Un strada maestra per le finalità del nostro lavorare: l’economia circolare, di Giorgio Asuni

Siamo in una economia di guerra mondiale, certo combattuta con le armi su un Paese limitato, ma che coinvolge tutto il mondo per le sue ricadute economiche, finanziarie e umanitarie.

Gli effetti di quanto sta accadendo tra la Russia e l’Ucraina cambieranno gli assetti geopolitici mondiali in due blocchi, da un lato l’Occidente, dall’altro i Paesi più o meno omogenei, con Russia e Cina protagonisti. La conseguenza sarà il cambiamento degli sviluppi globali, dei sistemi economici, finanziari e mercantili e i sistemi industriali, che non saranno più interscambiabili, ma isolati. In soli 6 anni sono stati estratti 500 miliardi di tonnellate di materie prime per soddisfare i bisogni e i desideri dell’umanità. È una realtà che non conosceremo più quando finirà la guerra.

Tornare indietro dalla globalizzazione impoverirà tutti da un punto di vista umano, e su quello economico obbligherà il mondo a calarsi in una realtà profondamente modificata.

Ci sarà inevitabilmente una reindustrializzazione dell’Occidente che riporterà nei singoli Paesi attività che prima erano state decentrate fuori. In una economia di guerra si possono porre le basi per una crescita post bellica che possono portare a grandi ristrutturazioni del sistema industriale e produttivo dei singoli Paesi.

Già oggi l’industria della produzione energetica sta cambiando con determinazione, cambia la filiera agroalimentare perché mancano le materie prime, cambia la difesa con grandi accelerazioni sulla cybersecurity.

Davanti alla mancanza di materie prime e al conseguente aumento dei prezzi cui si accompagnano spietate speculazioni che arricchiscono solo alcuni, governi e imprese di tutto il mondo devono ormai fare i conti con questa realtà sempre più drammatica.

L’economia dell’Italia e anche della Sardegna, che vive questa drammatica situazione in modo pesantissimo, può cogliere l’opportunità di riportare intere filiere produttive che nei decenni scorsi sono state trasferite in altri Paesi, puntando ad una reindustrializzazione in grado di far ripartire l’economia e l’occupazione “buona”, dando un nuovo impulso ai servizi e alla logistica di terra e di mare.

Il pensiero “ecologista” del Papa espresso di recente ad Assisi, su quanto sia importante per un Paese privo di materie prime, il modello di economia circolare, ovvero passare dallo schema “materia prima-produzione-consumo-scarto” ad uno dove successivamente al consumo non c’è necessariamente lo scarto, ma il riciclo e il riuso dei materiali, invita con forza sulla necessità di riflettere su un mondo ormai precipitato e totalmente asservito al mercantismo di una élite mondiale.

Non è solo il gas che ci cambia la vita, ma il cobalto, il litio, il grano e i fertilizzanti per la trasformazione agricola, le argille per le piastrelle e così via.

L’Italia e la Sardegna non siedono certo in territori ricchi di materie prime, dobbiamo quindi ricorrere al riuso di ciò che utilizziamo.

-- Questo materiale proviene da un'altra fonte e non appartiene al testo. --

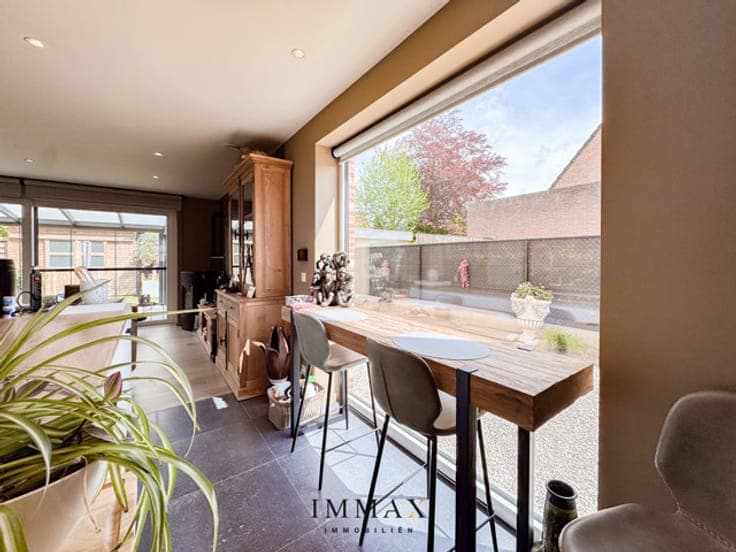 Turnkey passive new-build home in a prime location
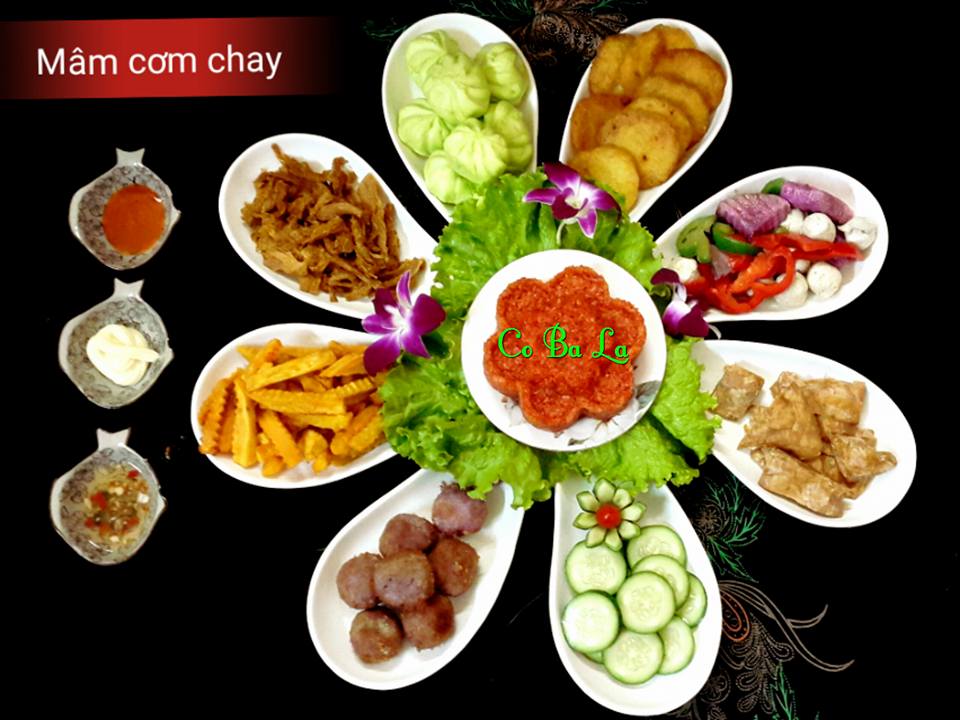 Cỗ Tết nhà chùa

In Italia e purtroppo in Sardegna, ancora troppi rifiuti finiscono in discarica e spesso la Sardegna è teatro di ulteriori rifiuti che provengono da altre regioni, col consenso di classi politiche che non amano certo la propria terra.

È ancora a livelli di oltre 20 punti percentuali le quantità di rifiuti che finiscono in discarica, dobbiamo assolutamente invertire questa tendenza, dobbiamo fermare le scellerate azioni che vedono interrare residui fognari e trasformarli in biometano, togliendoli dalle mani di chi fa business distruggendo ricchezza.

Per fare questo, in Sardegna si deve puntare con decisione al recupero del divario impiantistico e fare in modo che ciò che non può essere riciclato e poi riutilizzato, serva a generare energia e non a colmare buchi nel terreno.

Insomma passare dalle parole ai fatti, perseguendo due strade: la realizzazione di impianti per il recupero energetico da rifiuti indifferenziati che, sebbene subordinati al recupero di materie, sono da preferire alle discariche; la costruzione di impianti con ciclo anaerobico in grado di trattare la frazione organica che genera materia (compost) ed energia (bio-metano) piuttosto che rendere l’aria irrespirabile, come accade oggi alle popolazioni che vivono vicino a questi impianti; la costruzione di piattaforme in grado di recuperare i minerali (cobalto, litio, rame, nichel) dalle apparecchiature informatiche, compresi i cellulari.

La generazione di energia dal rifiuto è un’opportunità che va perseguita senza se e senza ma.